Sorry, but this is wrong.

What injures the UCL is supinating the forearm as the elbow is rapidly extending. This causes two problems. First, it puts a twisting load on the UCL. Second, it focuses the load on the UCL (rather than letting the load being taken up by the bony structure of the elbow or muscles like the Pronator Teres).


#5

Sorry, but this is wrong.

What injures the UCL is supinating the forearm as the elbow is rapidly extending. This causes two problems. First, it puts a twisting load on the UCL. Second, it focuses the load on the UCL (rather than letting the load being taken up by the bony structure of the elbow or muscles like the Pronator Teres).[/quote]
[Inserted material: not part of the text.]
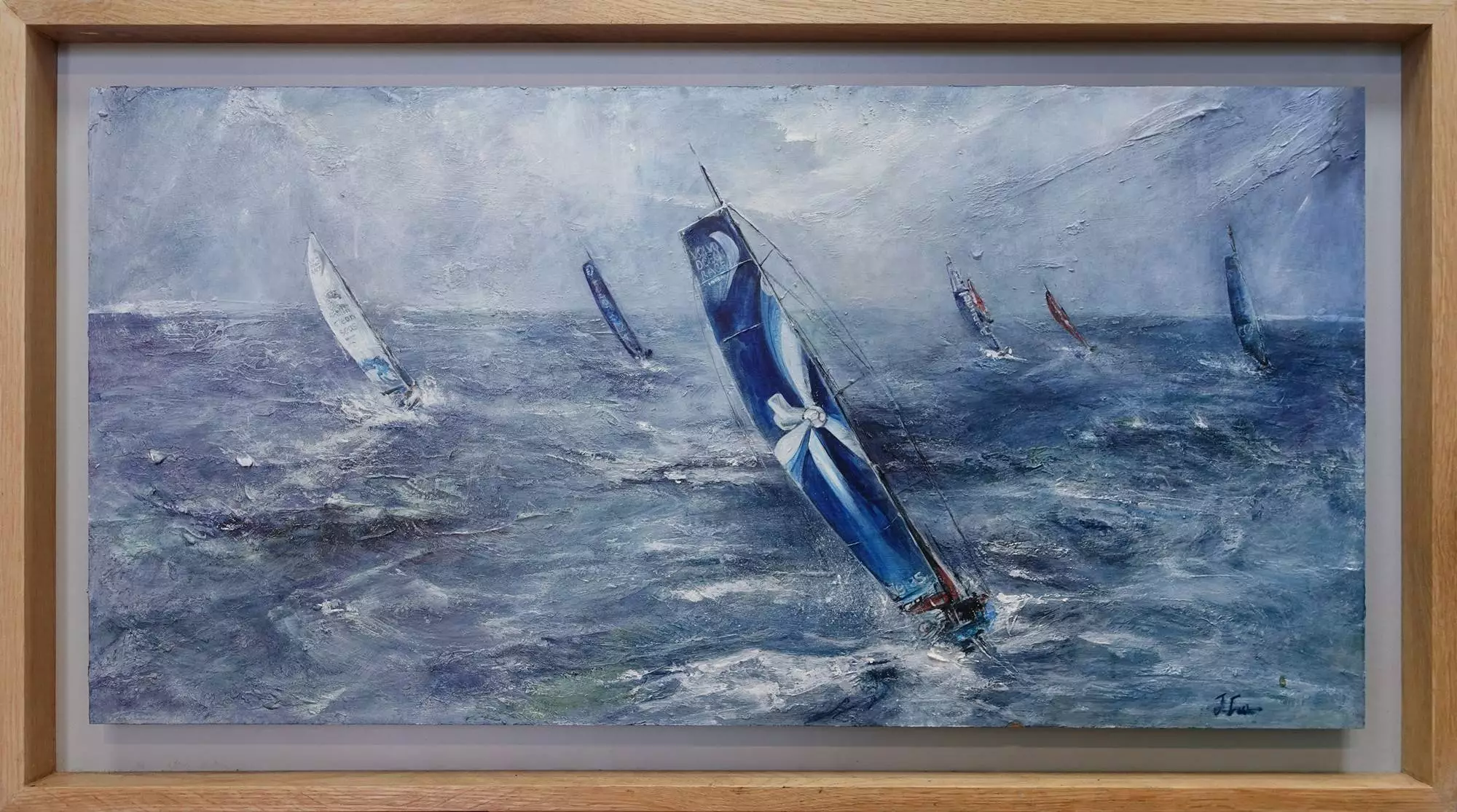 Volvo Yacht Race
Chris, I think we’re saying the same thing. My “Supinating during forward acceleration” is the same as your “supinating the forearm as the elbow is rapidly extending”. There is a tremendous amount of force applied to the arm and adding in a twist while all that force is being applied is part of the problem. The other part is the rapid change of direction in rotation of the arm from a supinated position to the pronated position immediately after release.

As I said before, getting the arm into the supinated position BEFORE it starts forward removes the twisting forces DURING the forward acceleration and it eliminates the change in direction of rotation of the arm after release. All rotation is in the pronation direction - there’s just more rotation (180 degrees instead of 90 degrees as with a fastball).